Finally, a DataSink instance formats and dumps the results into a file (line 23).
The weighted moving average method relies on a symmetric distribution of normalized weights computed by a function passed as an argument of the generic tabulate method. Note that the original price time series is displayed if one of the specific moving averages cannot be computed. The following graph is an example of a symmetric filter for weighted moving averages:
An example of a symmetric filter for weighted moving averages
The three moving average techniques are applied to the price of the stock of Bank of America stock (BAC) over 200 trading days. Both the simple and weighted moving averages use a period of 11 trading days. The exponential moving average method uses a scaling factor of 2/(11+1) = 0.1667:
11-day moving averages of the historical stock price of Bank of America
The three techniques filter the noise out of the original historical price time series. The exponential moving average reacts to a sudden price fluctuation despite the fact that the smoothing factor is low. If you increase the period to 51 trading days (which is equivalent to two calendar months), the simple and weighted moving averages produce a time series smoother than the exponential moving average with alpha = 2/(p+1) = 0.038:
51-day moving averages of the historical stock price of Bank of America
You are invited to experiment further with different smooth factors and weight distributions. You will be able to confirm the following basic rule: as the period of the moving average increases, noise with decreasing frequencies is eliminated. In other words, the window of allowed frequencies is shrinking. The moving average acts as a low-pass filter that preserves only lower frequencies.

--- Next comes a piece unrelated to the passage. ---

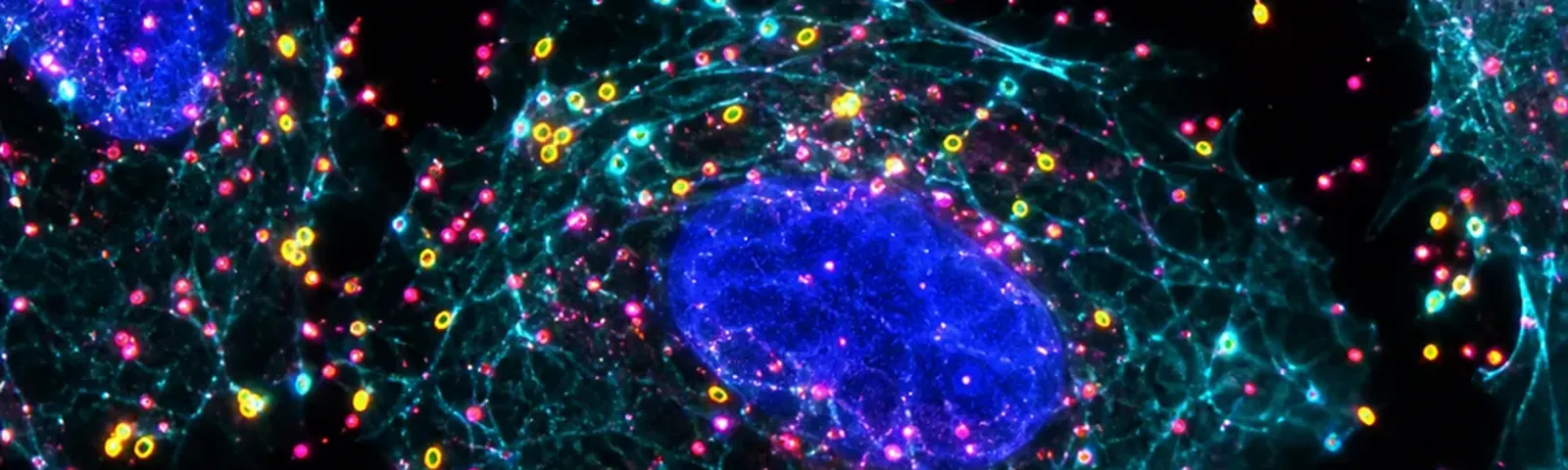 Molecular fluorescence imaging — Auspicious Laboratory, Houston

Fine-tuning the period of a smoothing factor is time consuming. Spectral analysis, or more specifically, Fourier analysis transforms a time series into a sequence of frequencies, which provide the statistician with a more powerful frequency analysis tool.
Note
The moving average on a multidimensional time series
The moving average techniques are presented for a single feature or variable time series, for the sake of simplicity. Moving averages on multidimensional time series are computed by executing a single variable moving average for each feature using the transform method of XTSeries, which is introduced in the first section. For example, the simple moving average applied to a multidimensional time series, xt. The smoothed values are computed as follows:
val pfnMv = SimpleMovingAverage[Double](period) |> val smoothed = transform(xt, pfnMv)